Geospatial Big Data Approaches to Estimate Granular Level Poverty Distribution in East Java, Indonesia using Machine Learning and Deep Learning Regressions
DOI:
https://doi.org/10.34123/icdsos.v2023i1.359Keywords:
big data, remote sensing, povertyAbstract
One of the economic development the focus of the Indonesian government's efforts is for reducing poverty. In Indonesia, collecting poverty data uses the conventional method, the name is National Socio-Economic Survey (SUSENAS) which takes a large cost, time, and effort. To overcome these limitations, there is a need for additional data to provide more detailed poverty data. Recent studies show that the use of geospatial big data could identify poverty at a granular level, with a lower cost and faster update because of their unique and unbiased capacity to identify physical and socioeconomic phenomena.
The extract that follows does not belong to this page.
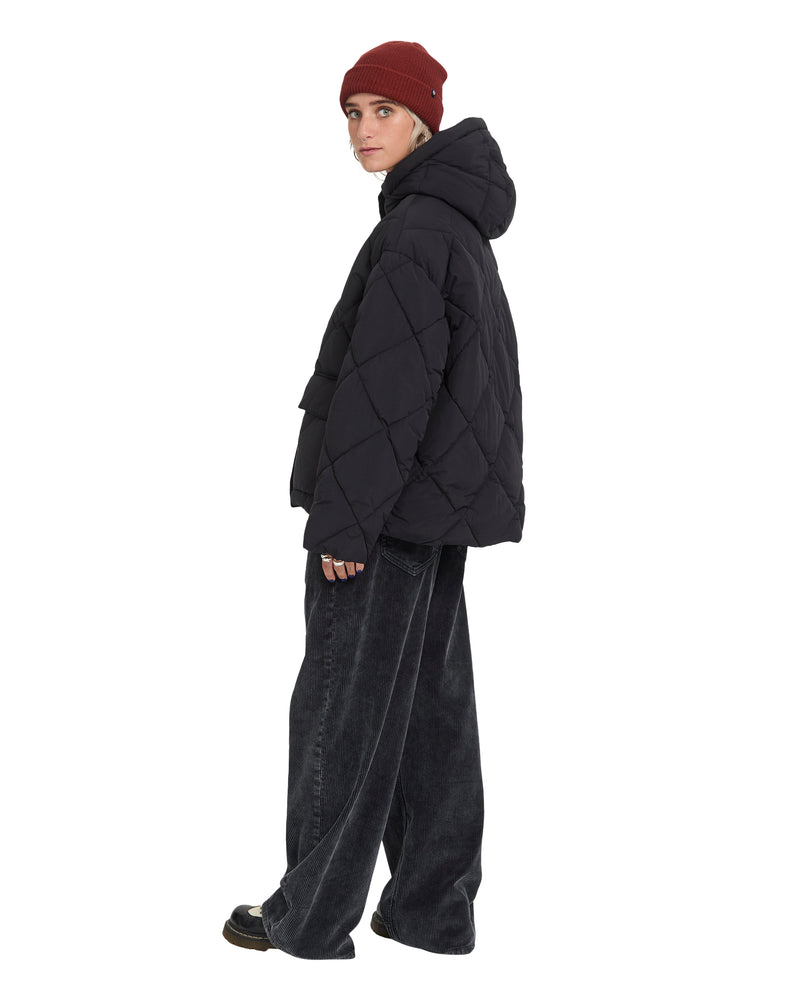 A person wearing a black Volcom Women’s Out Of Boxy Puff quilted heavyweight puffer jacket with a hood, a maroon beanie, and wide-leg black jeans.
The integrated multi-source satellite imagery data such as the normalized difference vegetation index (NDVI) for detecting rural areas based on vegetation, built-up index (BUI) for identifying urban areas through building distribution, normalized difference water index (NDWI) for land cover detection, day time land surface temperature (LST) for identifying urban regions based on surface temperature, and pollutants such as carbon monoxide (CO), nitrogen dioxide (NO2), and sulfur dioxide (SO2) to evaluate economic activities based on pollution. Additionally, point of interest (POI) density and minimum POI distance are used to measure area accessibility. Therefore, the contribution of this research is to implement the utilization of geospatial big data to estimate the numbers of poverties at a granular level to the 666 sub-districts in East Java Province using machine learning and deep learning regression models. The evaluation results to estimate sub-district level poverty shows that the best model development using Support Vector Regression (SVR) in machine learning was the best root mean squared error (RMSE), mean absolute error (MAE), and mean absolute percentage error (MAPE) values of 0.365, 0.293, and 0.032 with R-squared of 0.59 and MLP in deep learning algorithm with 0.444, 0.345, and 0.039 values of RMSE, MAE, and MAPE with R2 0.52. In addition, the results of visual identification revealed that high estimates of lower poverty are typically found in urban areas with high accessibility, and these areas are not spatially deprived areas with limited accessibility.